# Have you heard of Movember?



## Ralphy1 (Nov 10, 2014)

November is men's health awareness month and is called Movember to alert the public by men growing mustaches.  I would like to but have always felt too immature to sport any type of facial hair...


----------



## hollydolly (Nov 10, 2014)

Yes we've had Movember here for a few years now !! People seemed to have embraced it quite heartily..


----------



## Warrigal (Nov 10, 2014)

Ralphy1 said:


> November is men's health awareness month and is called Movember to alert the public by men growing mustaches.  I would like to but have always felt too immature to sport any type of facial hair...
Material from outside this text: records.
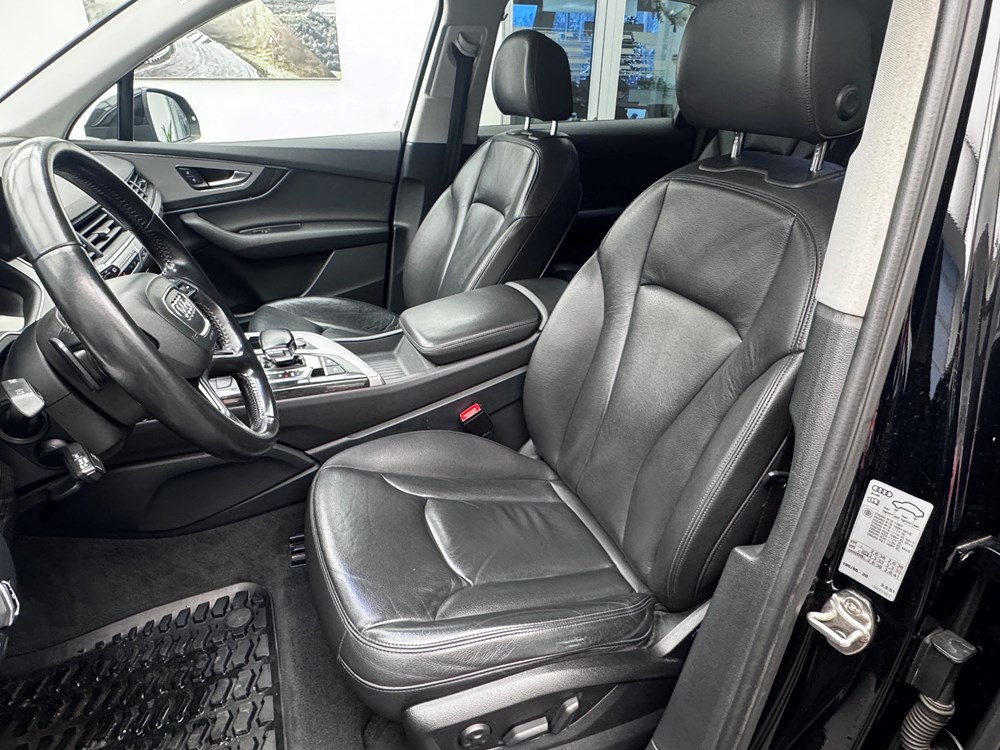 Audi Q7 с пробегом в Audi Беларусь. Фотография 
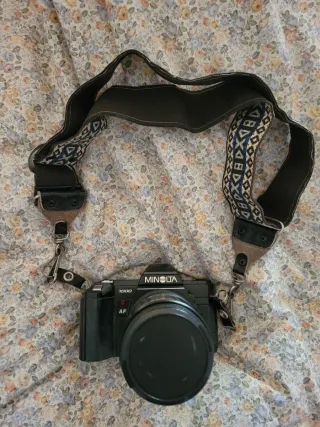 Cámara Minolta 7000 AF Negra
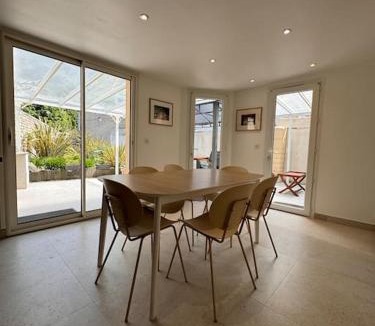 Bernieres-sur-Mer House | Maison Eole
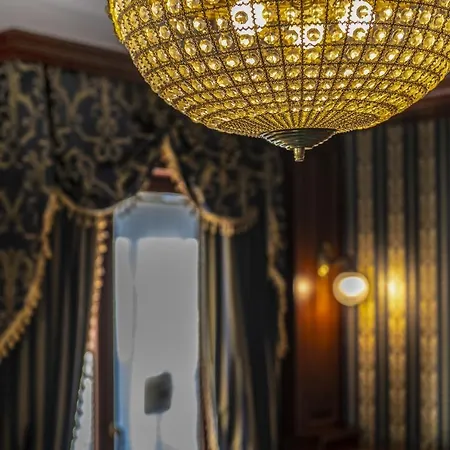 Erla Boutique 4*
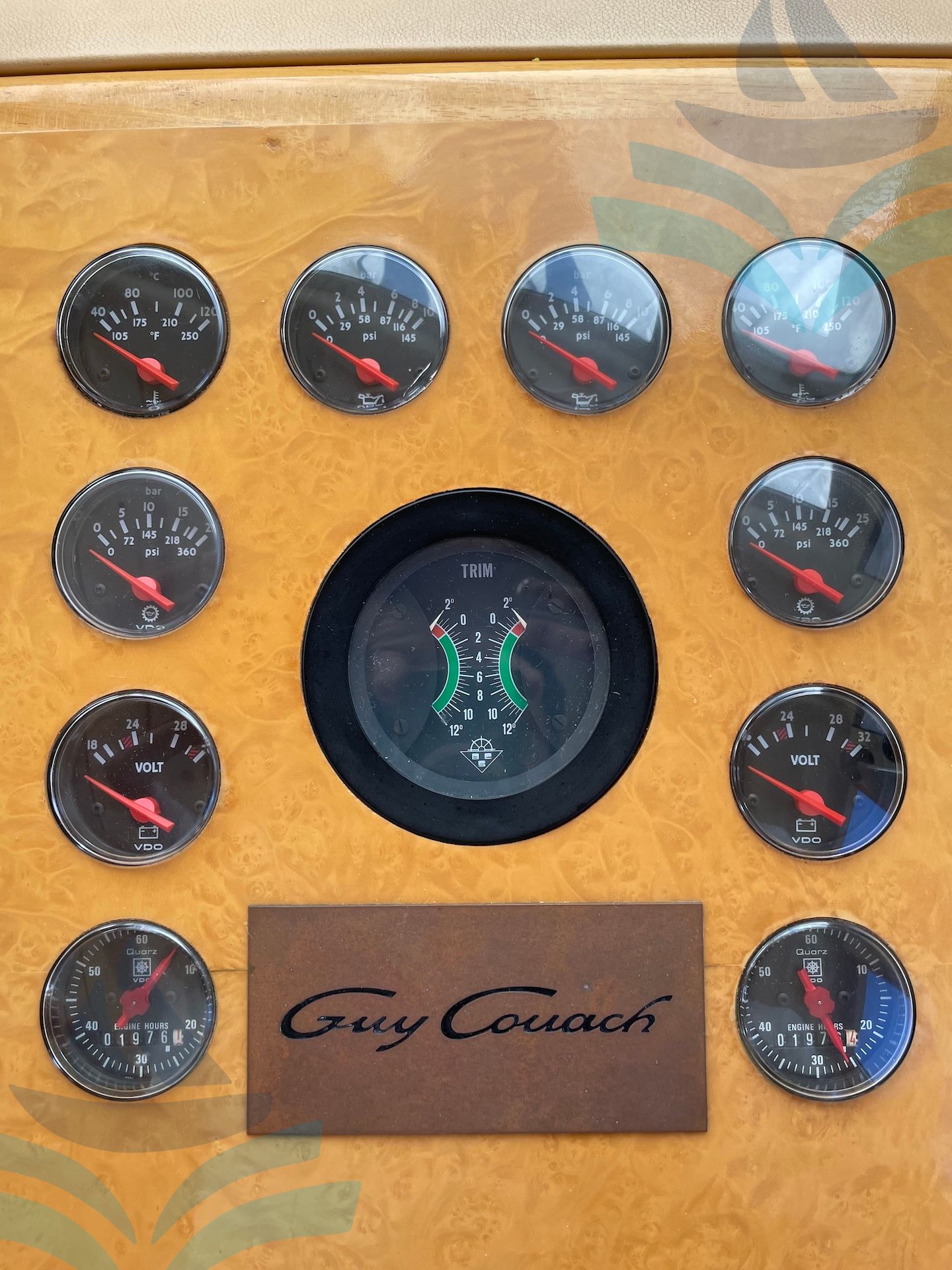 GUY COUACH 2100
Who says it's confined to the face?


----------



## Ralphy1 (Nov 10, 2014)

Please show a little more discretion in posting photos...


----------



## QuickSilver (Nov 10, 2014)

I've decided to stop shaving my legs...


----------



## Ralphy1 (Nov 10, 2014)

YIKES!  No photos--please!


----------



## QuickSilver (Nov 10, 2014)

Oh... you asked for it..


----------



## Ralphy1 (Nov 10, 2014)

And you should see what my breakfast looks like on my computer screen...


----------



## Melody1948 (Nov 10, 2014)

Those legs aren't real.  There is no hair on the toes and the feet are too small for the legs.  I think they call it foto shopped, or something like that.


----------



## tnthomas (Nov 10, 2014)

Ralphy1 said:


> Have you heard of Movember?.



I thoght that was a typo, hadn't heard of Movember.



Melody1948 said:


> Those legs aren't real.  There is no hair on the toes and the feet are too small for the legs.  I think they call it foto shopped, or something like that.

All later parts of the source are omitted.